Pour déceler l’existence d’une situation de harcèlement sexuel, le juge
n’hésite pas à remonter le cours du temps afin de donner du harcèlement
sexuel interdit par le Statut général [6], l’interprétation qui sera la plus protectrice de l’agent concerné ainsi que l’illustre l’arrêt rendu le 14 janvier dernier par le Conseil d’État commenté dans la présente revue [7].

Faisant preuve de réalisme, le juge remplit pleinement son office en
s’efforçant de protéger au mieux les agents, la définition donnée permettant
de sanctionner de façon proportionnée les harceleurs. Il rejoint,
dans cette exigence, les gardiens de la Constitution qui ont abrogé la
définition trop imprécise du délit de harcèlement sexuel [8].

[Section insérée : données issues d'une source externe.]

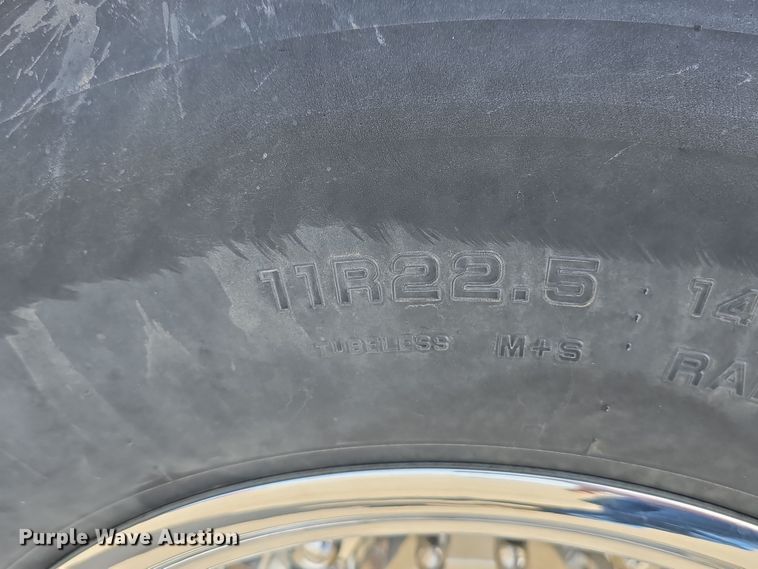 image for item DW3233 2004 GMC C6500 Crew Cab flatbed truck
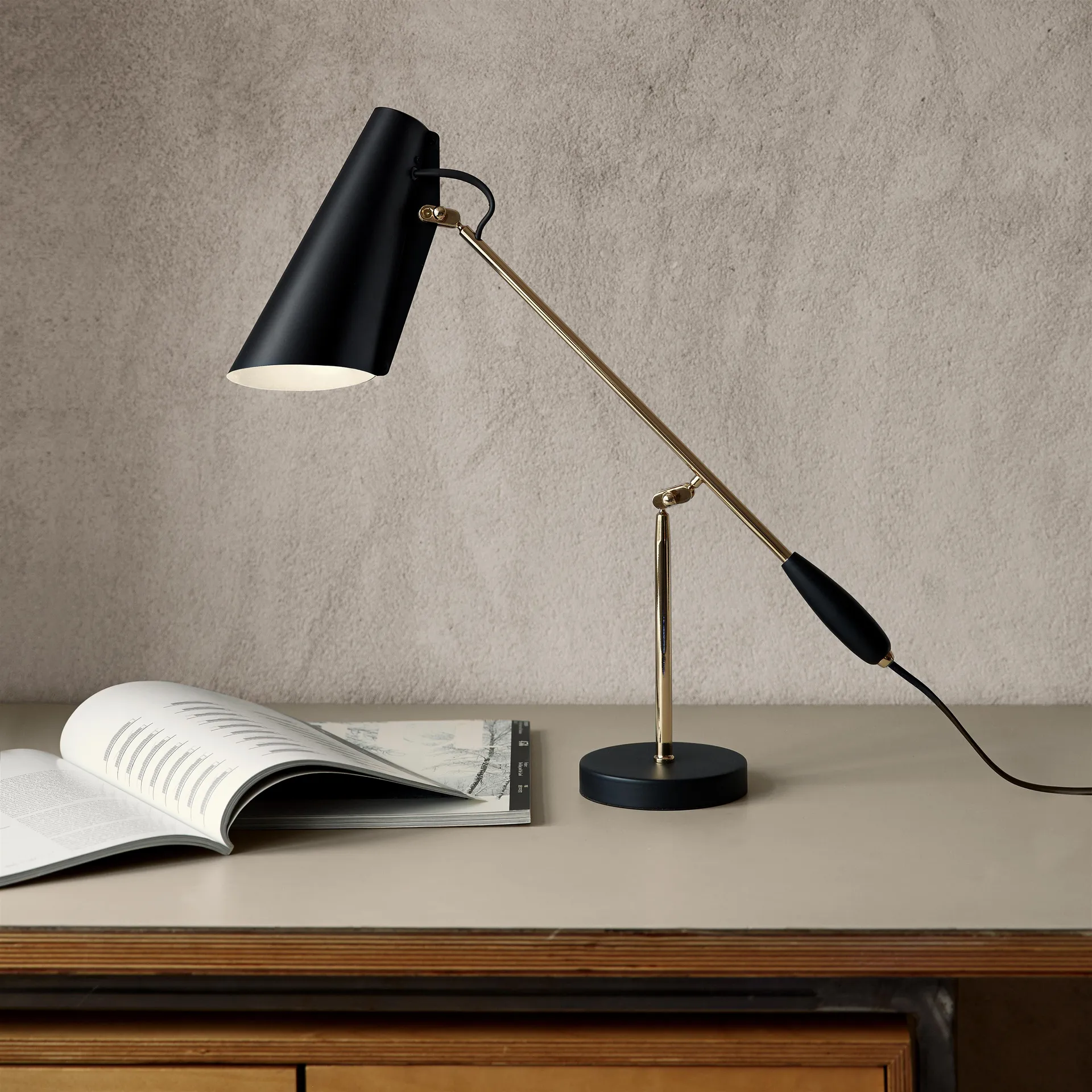 Birdy table lamp, Black-brass Northern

 Le sommaire de la Revue Lamy des Collectivités Territoriales de mars 2014

[1Cass. crim., 21 juin 2005, n° 04-86.936, Lapeyre : condamnation pénale d’un maire pour harcèlement moral d’un agent communal.

[2TA Amiens, 7 juin 2007, n° 0501983, Mme Monique B.

[3Cités in Aubin E., Droit de la fonction publique, Lextenso éditions,
coll. « Master pro », 5e éd., 2012, n° 583

[4CE, 30 déc. 2011, n° 332366, Commune de Saint-Perray, Rec. CE tables 2011, pp. 991-1109.

[5CE, ass., 13 nov. 2013, n° 347704, M. D

[6L. n° 83-634, 13 juill. 1984, art. 6 ter.

[7CE, 14 janv. 2014, n° 362495, La Poste, voir p. 17 de ce numéro.

[8Cons. const., 4 mai 2012, n° 2012-240 QPC.